本開示は会計監査人の異動を報告するものであり、売上高や利益への直接影響を示す数値は記載されていない。直前の2025年3月期は売上27.89億円、営業損失5.22億円、純損失5.61億円と赤字が継続しているが、これは過去開示であり本臨時報告書からは業績に対する新たな増減情報は読み取れない。業績インパクトは中立と整理する。

株主還元・ガバナンススコア -1

監査法人まほろばが上場会社等監査人名簿への登録拒否通知を受けた結果としての異動である点は、株主にとって監査品質体制の継続性が外部要因で途切れることを意味する。一方で当社は規定の臨時報告書を提出し、監査役会が「妥当」と判断、退任監査法人も「特段の意見はない」と回答しており、開示・手続面では適切な対応が取られている。

戦略的価値スコア 0

会計監査人の交代自体は当社の事業戦略・成長戦略に直接的な影響を与える性質のものではない。
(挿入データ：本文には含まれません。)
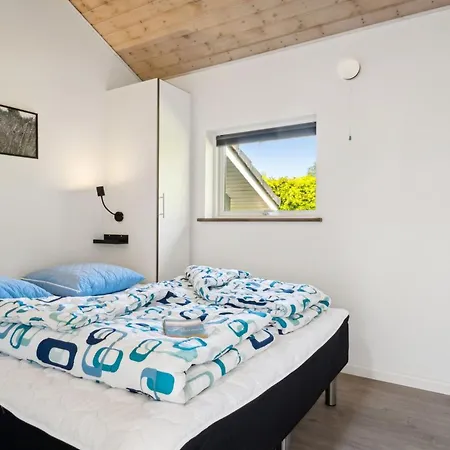 Holiday home Gunva - 30km From The Sea By Interhome Toftlund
本開示には事業計画の変更や中長期方針への言及はなく、海南監査法人への引継ぎが事業運営に与える戦略的意義は限定的である。事業規模に応じた監査法人選任と監査報酬の相当性検討が行われた旨が記載されており、内部統制との接続観点では引継ぎの円滑性が中期的な論点となる。

市場反応スコア -1

会計監査人異動、特に前任監査法人の上場会社等監査人名簿登録拒否を背景とする交代は、市場で監査体制への懸念材料として受け止められやすい。ただし退任監査法人の意見に「該当事項はありません」「特段の意見はない」と明記されており、退任に伴う会計上の論点指摘はない。一過性のイベントとして織り込まれる可能性が高い。

ガバナンス・リスクスコア -2

前任の監査法人まほろばが上場会社等監査人名簿への登録拒否通知を受けたことは、監査人側の体制問題に起因するものの、当社にとっては監査の連続性・引継ぎリスクを抱える結果となる。当社は監査役会の判断を経て海南監査法人を後任に選任する手続を踏んでいるが、新任監査法人による初年度監査での論点識別や監査報酬条件など、ガバナンス面で注視が必要な事項が複数残る。

総合考察

総合スコアを最も押し下げたのはガバナンス・リスク視点である。前任である監査法人まほろばが上場会社等監査人名簿への登録拒否を受けたことに起因する異動は、当社側の不正や会計問題ではないものの、監査の連続性が外部要因で途切れるという構造的な不確実性を生む。一方で当社は所定の提出、監査役会による妥当性判断、退任監査法人の意見聴取(特段の意見なし)など手続面では適切な対応をとっており、株主還元・市場反応視点のマイナスは限定的なレベルにとどまる。業績インパクト・戦略的価値は本開示単独では中立と整理した。前回開示(2026年5月18日の旧型製品評価損503百万円)で純損失基調が改めて示された直後だけに、新任の海南監査法人による2026年3月期からの初度監査でどのような論点が識別されるかは、投資家にとって最大の注視ポイントとなる。具体的には、2026年6月25日の株主総会での選任可決、2026年3月期の監査報告書における意見種類、次期以降の監査報酬水準の開示の3点を確認する必要がある。